Minggu, 07 Desember 2008

Pendidikan merupakan Pilar Utama Kemajuan Bangsa


JAKARTA, KOMPAS - Bangsa yang maju dan berkembang adalah bangsa yang menempatkan pendidikan sebagai pilar utama. Namun, karena pranata sosial masih lemah, kurang terbangun penyelenggaraan pendidikan sebagai rekonstruksi sosial.

Dua butir pemikiran itu dipungut dari pidato Ketua Umum Pengurus Pusat Majelis Buddhayana Indonesia (MBI) Sudhamek AWS dan Ketua Umum Sangha Agung Indonesia Mahathera Nyanasuryanadi dalam acara pembukaan Munas VIII MBI di Jakarta, Sabtu (6/12).

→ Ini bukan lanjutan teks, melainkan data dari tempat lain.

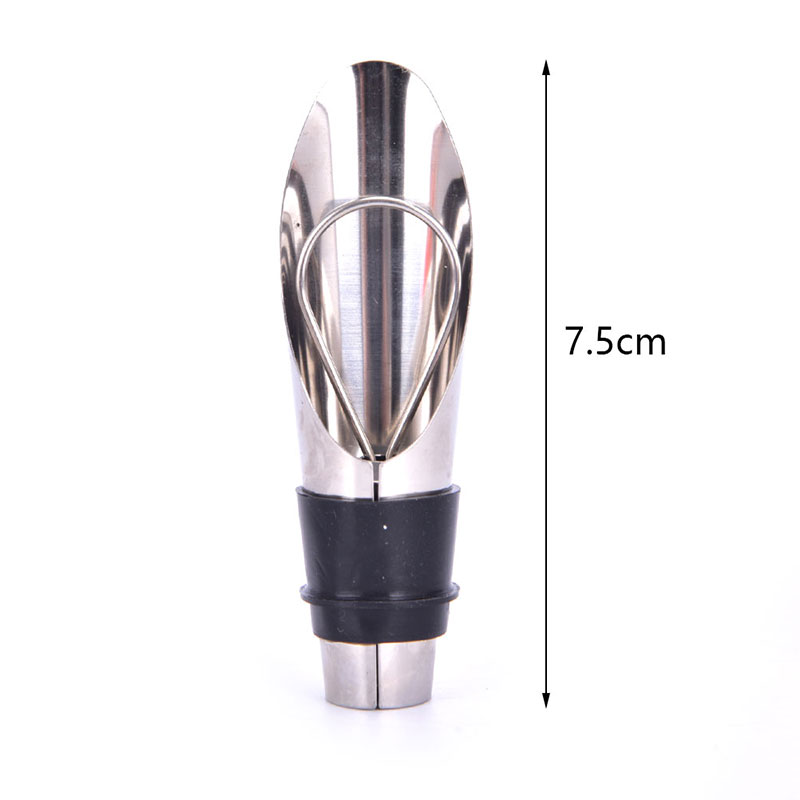 2 قطعة الفولاذ المقاوم للصدأ ا - مراجعة Wine Stopper Vacuum وسعره
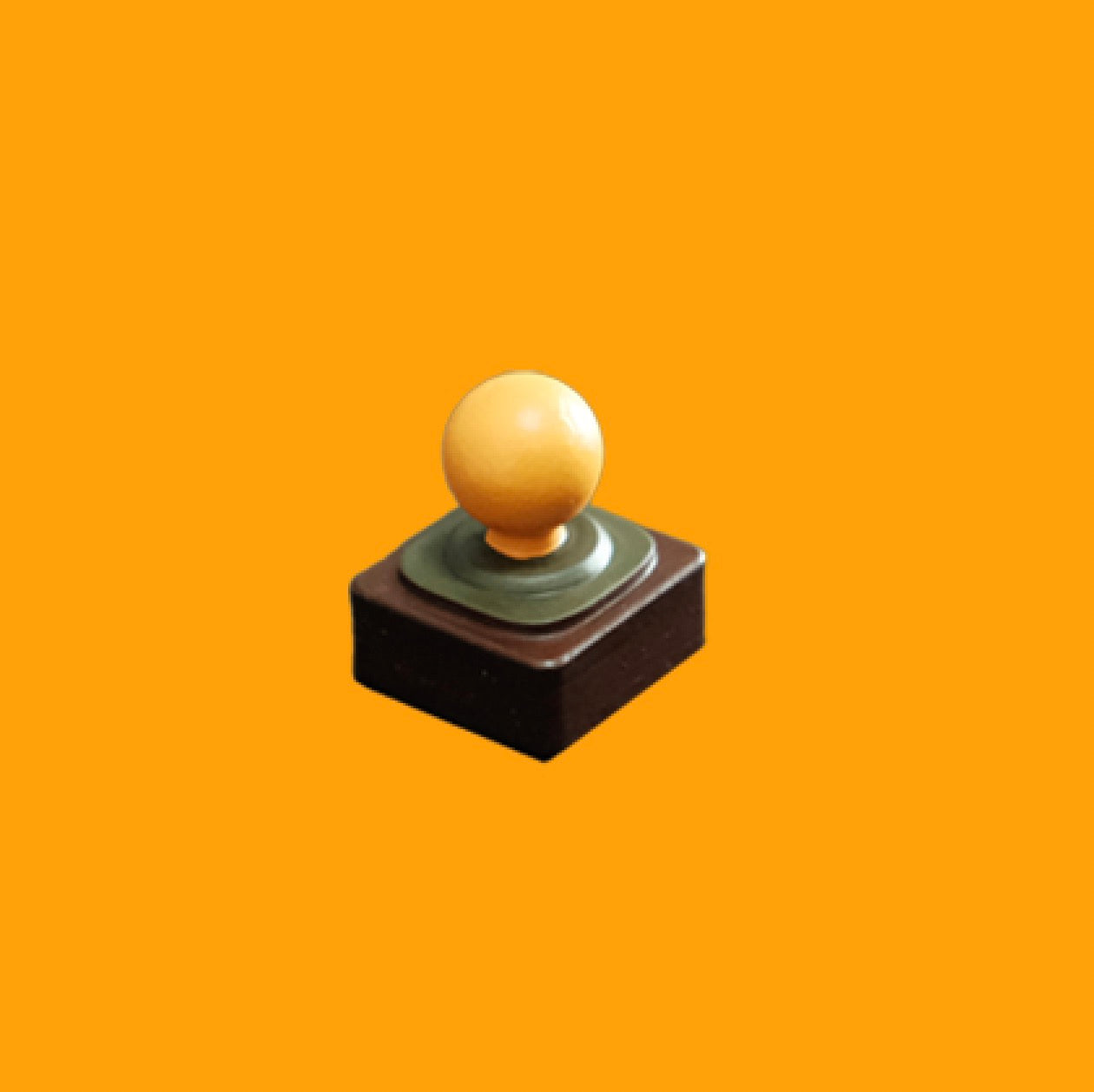 Retro game joystick, button resin personalized keycaps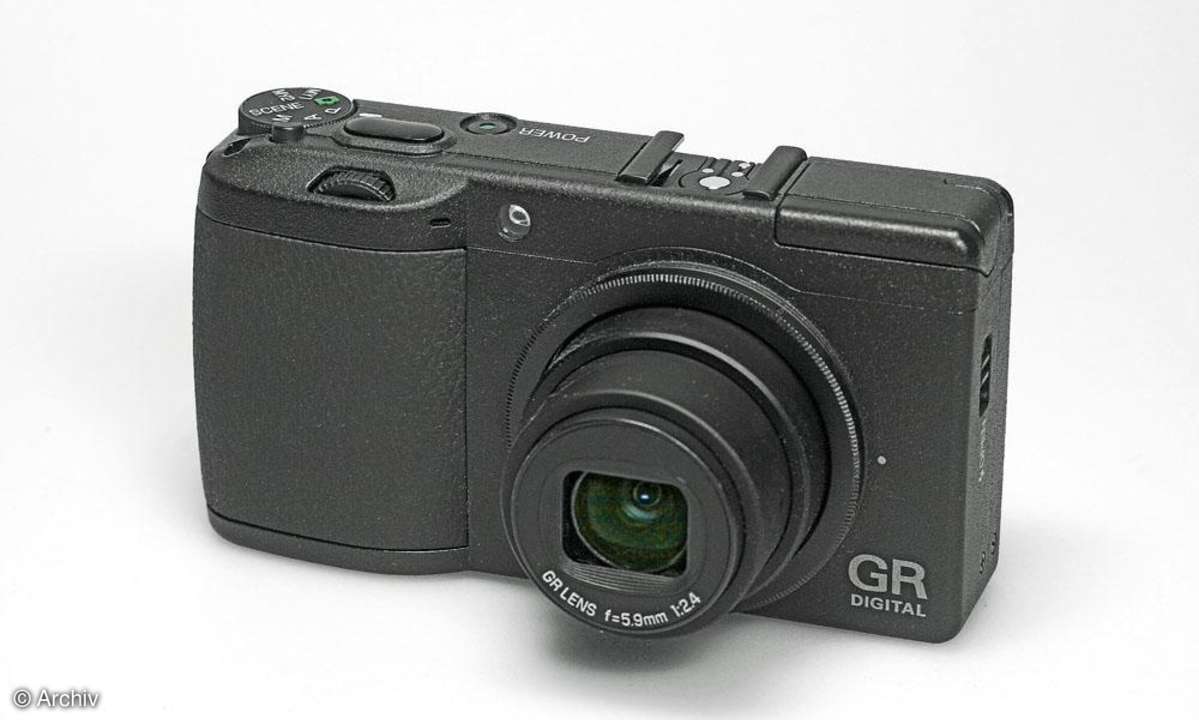 Ricoh GR Digital I Vorderseite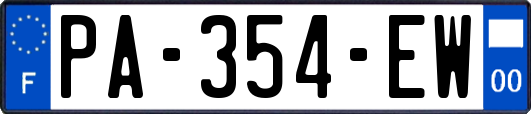 PA-354-EW
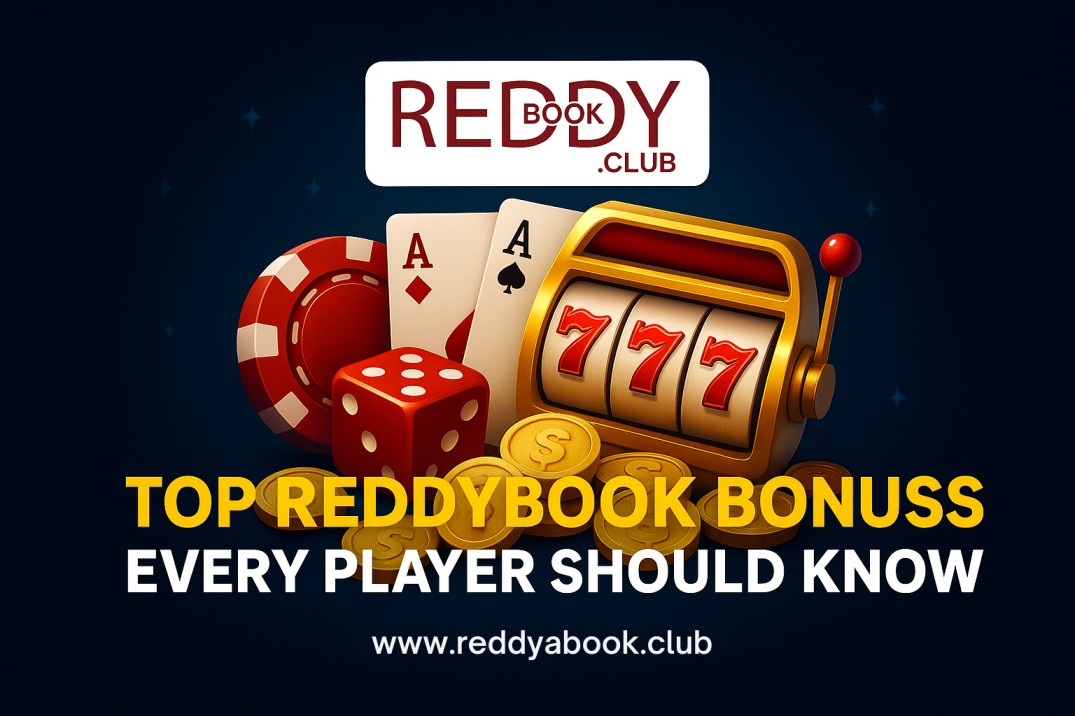Reddybook bonuses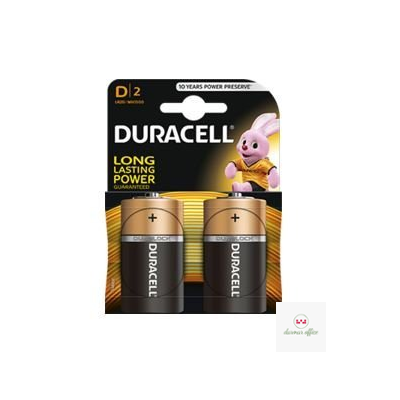 Bateria Basic D/LR20 K2 (2szt.) DURACELL 4520114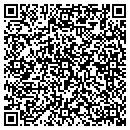 QR code with R G & B Transport contacts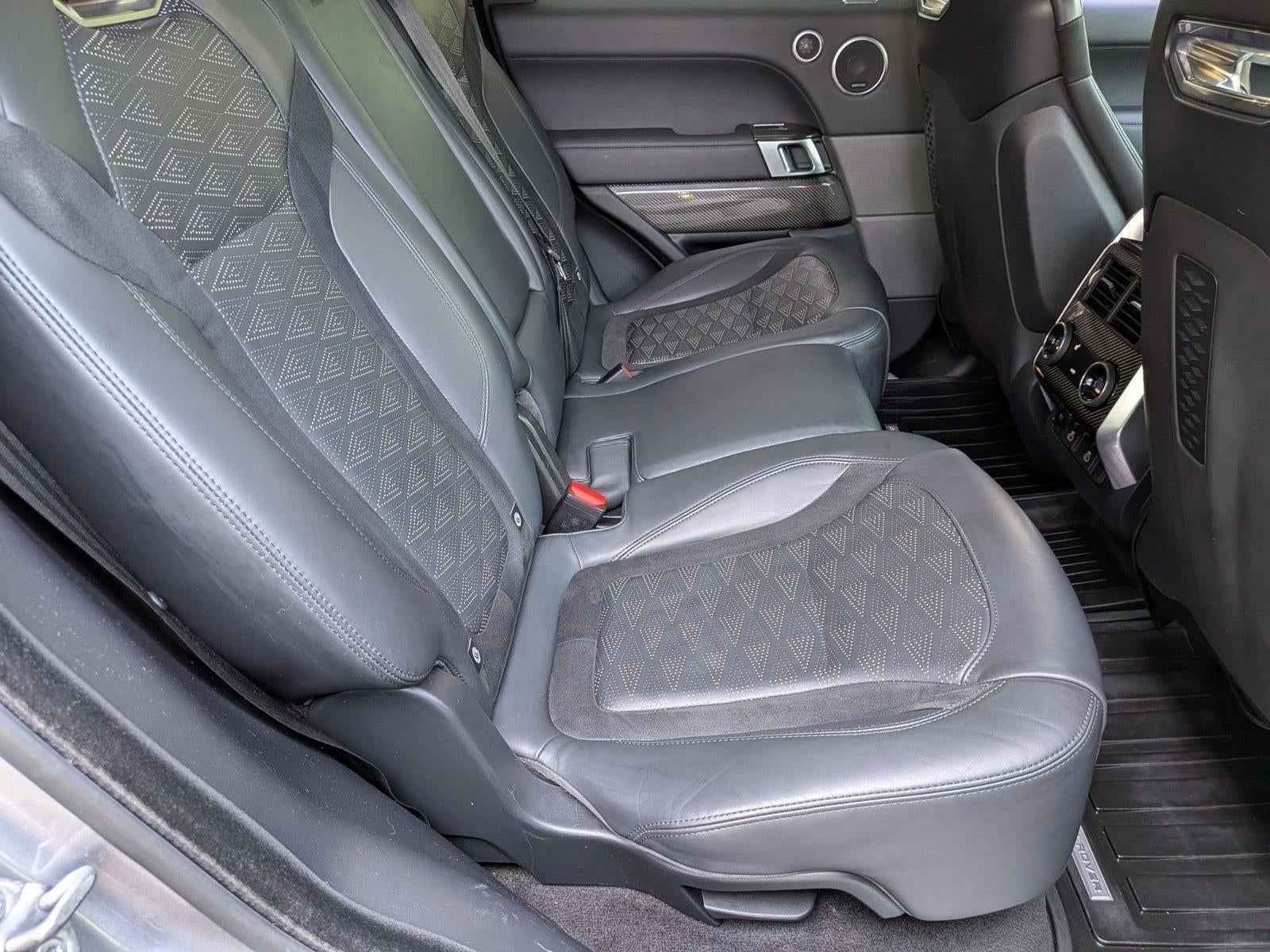 2022 Land Rover Range Rover Sport V8 Supercharged SVR Carbon Edition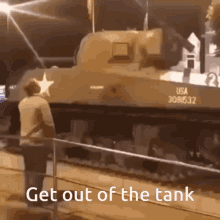 Im In A Tank And Youre Not Arthur GIF - Im In A Tank And Youre Not Arthur Get Out Of The Tank GIFs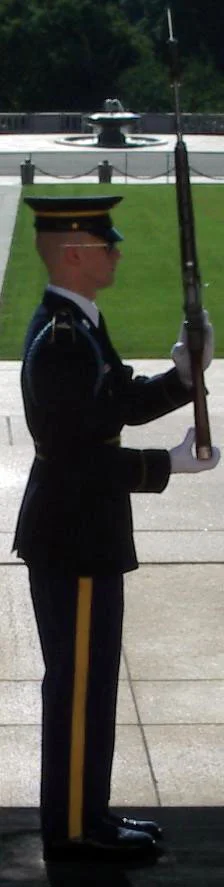 Guard at Tomb of the Unknown Soldier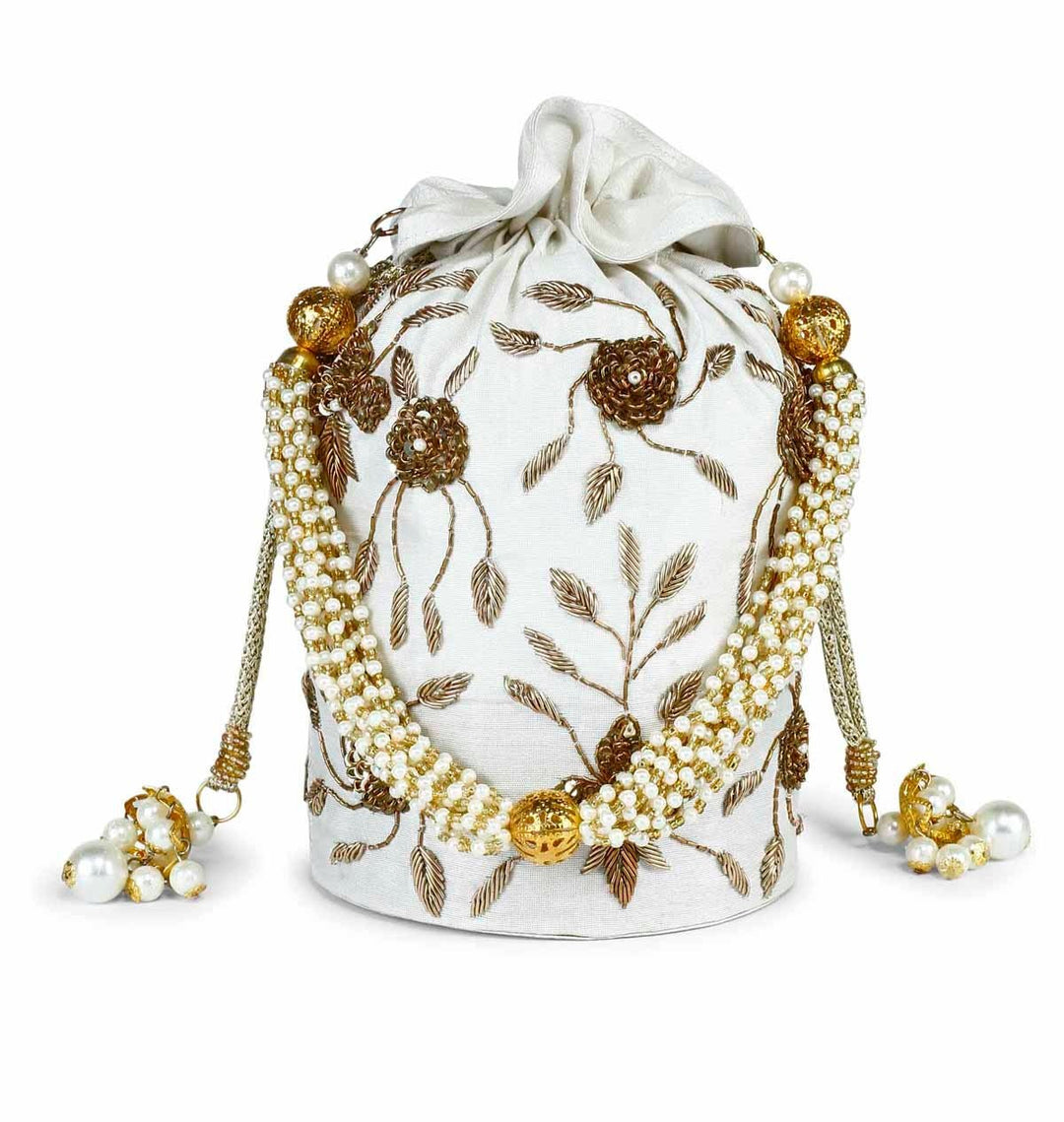 Guldasta Potli The Purple Sack - Fabilicious Fashion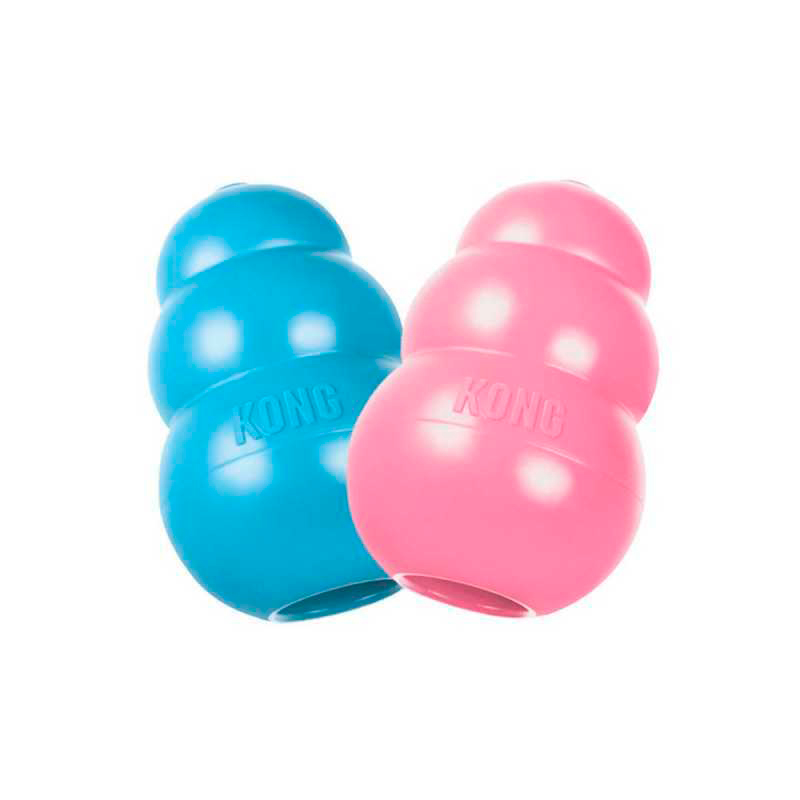 KONG Puppy гумова іграшка для цуценят KONG Puppy гумова іграшка для цуценят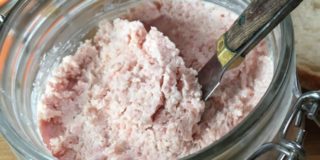 mousse di mortadella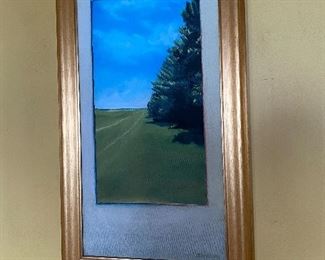 Painting by local artist Sweeny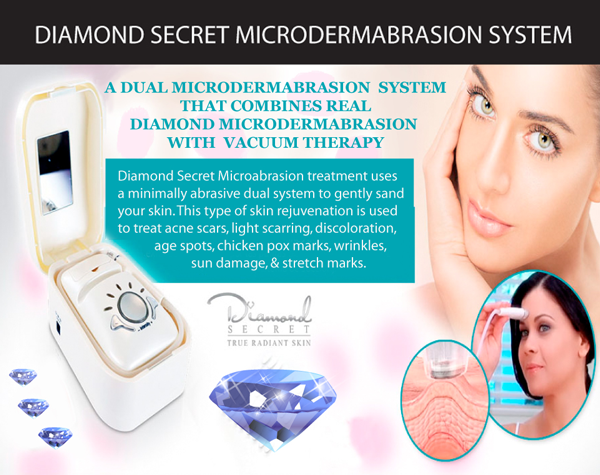 Diamond Secret Microdermabrasion System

Menurut Sudhamek, pendidikan merupakan pilar utama kemajuan suatu bangsa. Pemerintah semakin menyadari pentingnya pendidikan. Alokasi 20 persen APBN untuk pendidikan perlu diapresiasi walaupun mungkin dalam pelaksanaan masih terjadi ketimpangan. MBI pun sudah memiliki cetak biru bidang pendidikan sebagai tema sentral MBI lima tahun ke depan.

Ketimpangan praksis pendidikan, kata Nyanasuryanadi, mengakibatkan persoalan yang muncul, seperti disintegrasi sosial, konflik antaretnis, kekerasan, penyalahgunaan obat terlarang, dan pola hidup konsumtif, tidak ditangani tuntas.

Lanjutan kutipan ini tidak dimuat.